**What to work on:**
Repeat every record exactly, but keep images out of the copy.

Stored items
--------
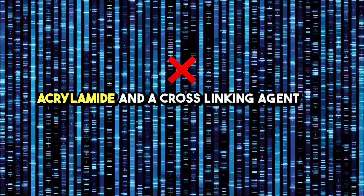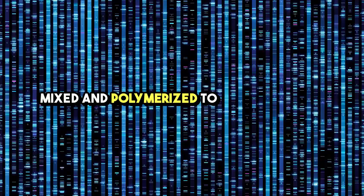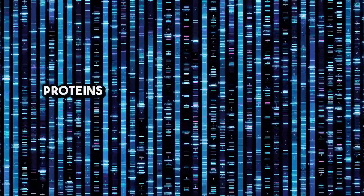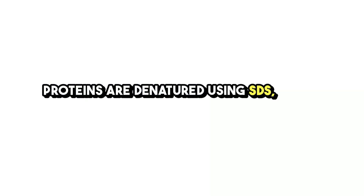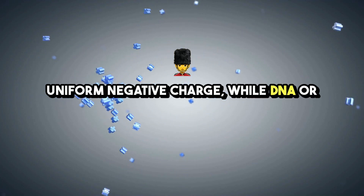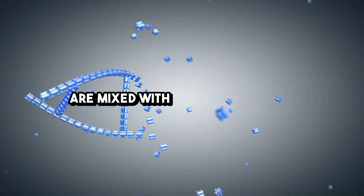Acrylamide and a cross-linking agent are mixed and polymerized to create the gel. Wells are formed for sample loading. Proteins are denatured using SDS, giving them a uniform negative charge, while DNA or RNA samples are mixed with a loading buffer.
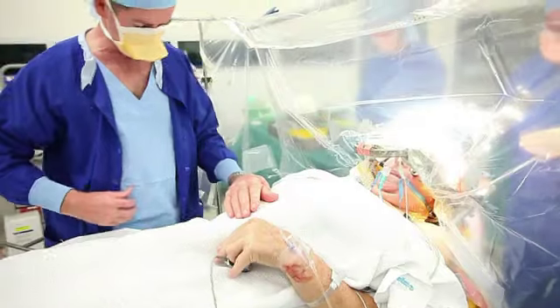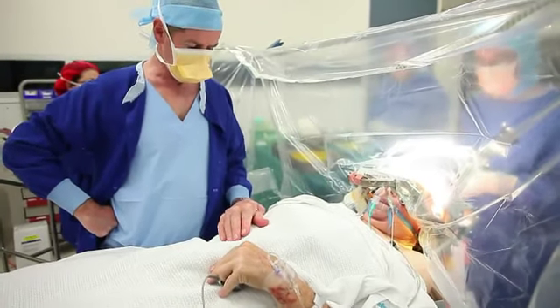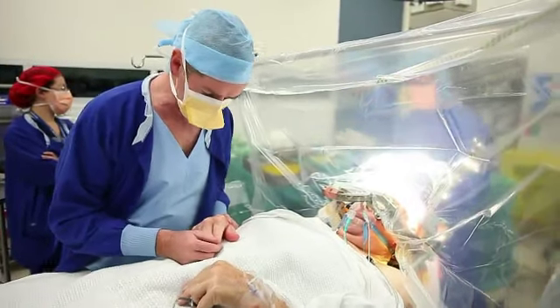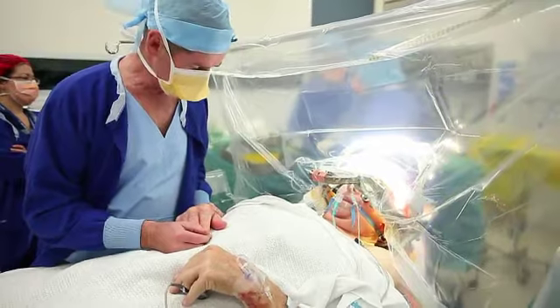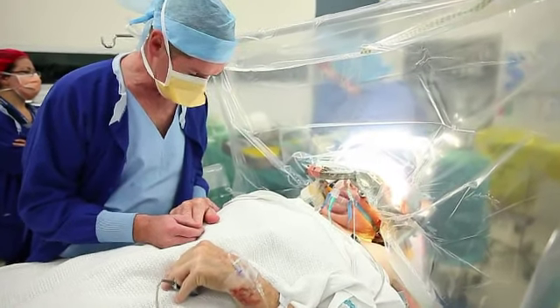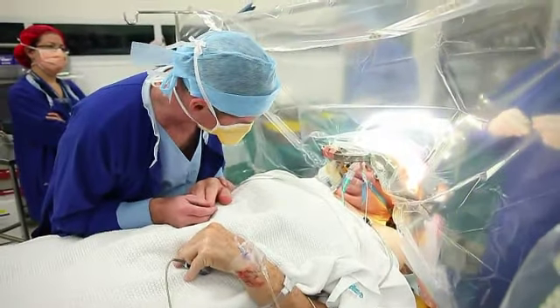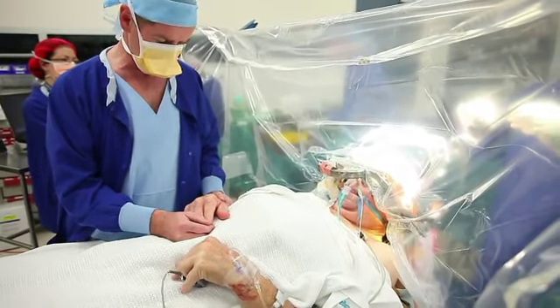Sometimes we do that on the same day of surgery; other times we bring them back a week or two later and do it as a separate procedure. During the surgery patients are awake in most cases. Very occasionally, if patients aren't able to stay still or their movement disorder is so severe, we might give them some sedation, and occasionally we might give them a general anaesthetic. Having the patients awake and cooperative is really important in terms of allowing us to get the electrode in the right spot.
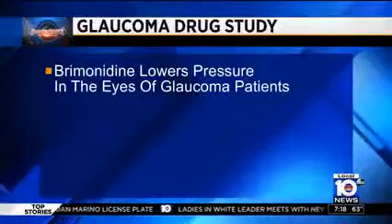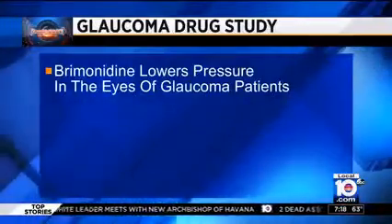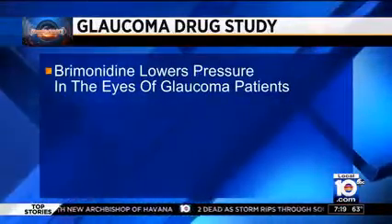Also in today's HealthCast, a drug used to treat glaucoma could also be a treatment for Alzheimer's disease. Researchers found that brimonidine, a drug routinely used to lower eye pressure in glaucoma patients, also reduced the formation of...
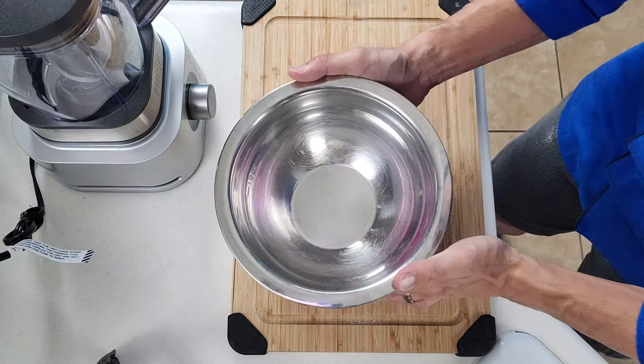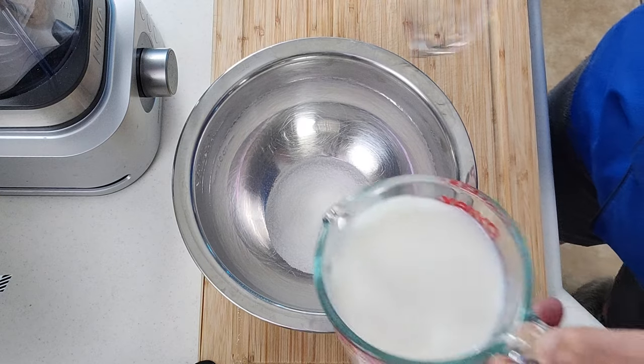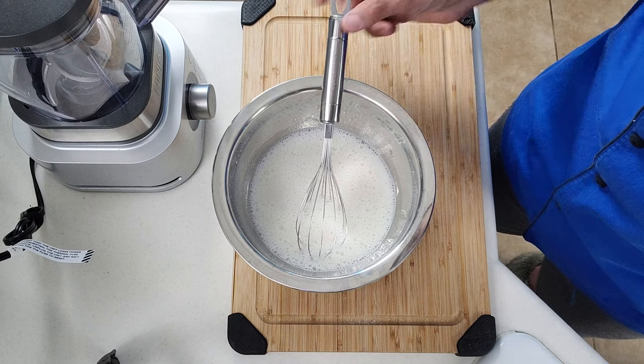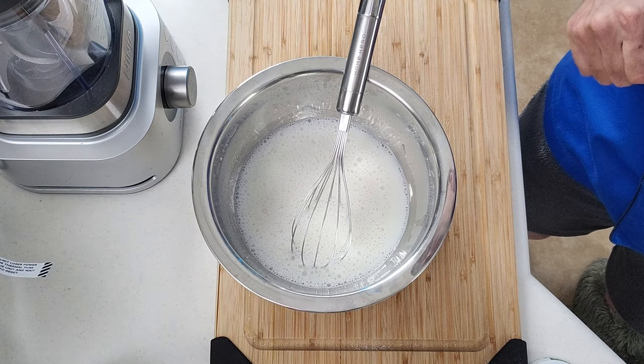This recipe is actually very simple. First we're just going to throw in our monk fruit sweetener. Then we're going to whisk in our carb master milk. In our recipe today we're not going to heat up the milk to dissolve the sweetener — we're just going to whisk it in really good and then mix in the two proteins, just to keep it as simple as possible.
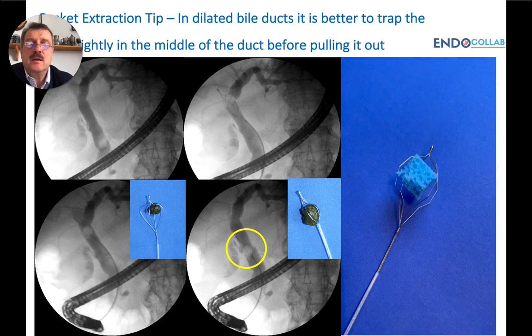Here we have another tip for stone extraction in patients who have dilated bile ducts. If the bile ducts are dilated and the stone is freely moving around, it's always better to pull the stone from proximal back to the middle duct before closing with your basket.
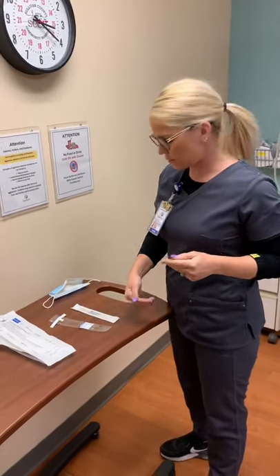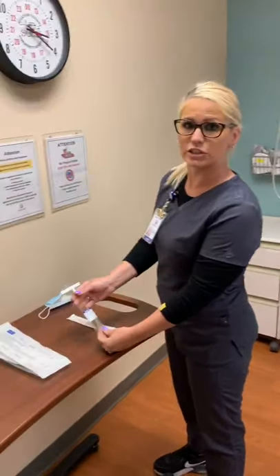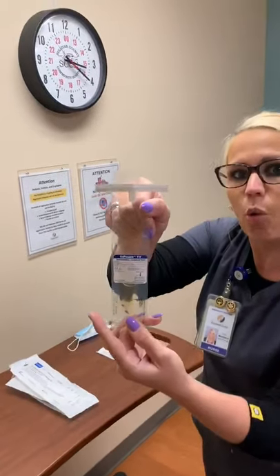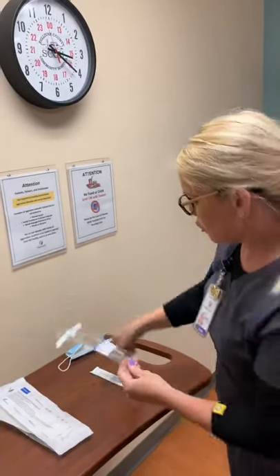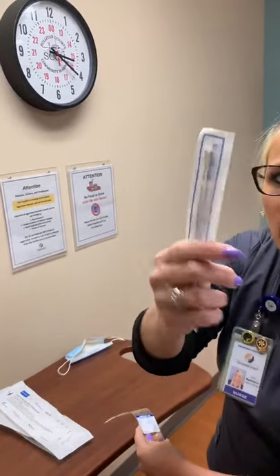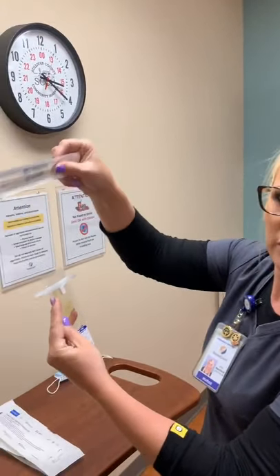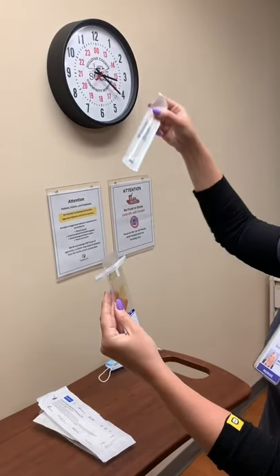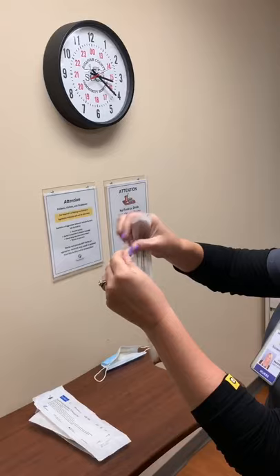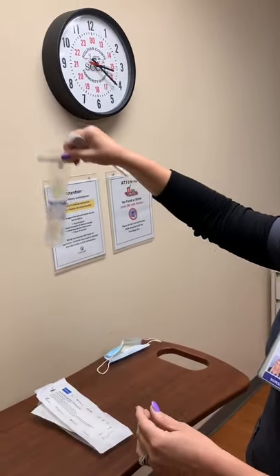We have two different types of swabs we can do for pelvic exams, over here in this cabinet. You can call the lab if you need additional supplies. The first one is a wet prep for testing trichomonas and white blood cells. You use these swabs here — regular cotton tip applicators. You don't have to use both of them; just one is fine. The doctor will put it in and swab the cervix and vaginal region, then you dip it in, swirl it around, and remove it before closing the package, sending just the solution down to the lab.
--------
**Completed task:**
Acrylamide and a cross-linking agent are mixed and polymerized to create the gel. Wells are formed for sample loading. Proteins are denatured using SDS, giving them a uniform negative charge, while DNA or RNA samples are mixed with a loading buffer.
Sometimes we do that on the same day of surgery; other times we bring them back a week or two later and do it as a separate procedure. During the surgery patients are awake in most cases. Very occasionally, if patients aren't able to stay still or their movement disorder is so severe, we might give them some sedation, and occasionally we might give them a general anaesthetic. Having the patients awake and cooperative is really important in terms of allowing us to get the electrode in the right spot.
Also in today's HealthCast, a drug used to treat glaucoma could also be a treatment for Alzheimer's disease. Researchers found that brimonidine, a drug routinely used to lower eye pressure in glaucoma patients, also reduced the formation of...
This recipe is actually very simple. First we're just going to throw in our monk fruit sweetener. Then we're going to whisk in our carb master milk. In our recipe today we're not going to heat up the milk to dissolve the sweetener — we're just going to whisk it in really good and then mix in the two proteins, just to keep it as simple as possible.
Here we have another tip for stone extraction in patients who have dilated bile ducts. If the bile ducts are dilated and the stone is freely moving around, it's always better to pull the stone from proximal back to the middle duct before closing with your basket.
We have two different types of swabs we can do for pelvic exams, over here in this cabinet. You can call the lab if you need additional supplies. The first one is a wet prep for testing trichomonas and white blood cells. You use these swabs here — regular cotton tip applicators. You don't have to use both of them; just one is fine. The doctor will put it in and swab the cervix and vaginal region, then you dip it in, swirl it around, and remove it before closing the package, sending just the solution down to the lab.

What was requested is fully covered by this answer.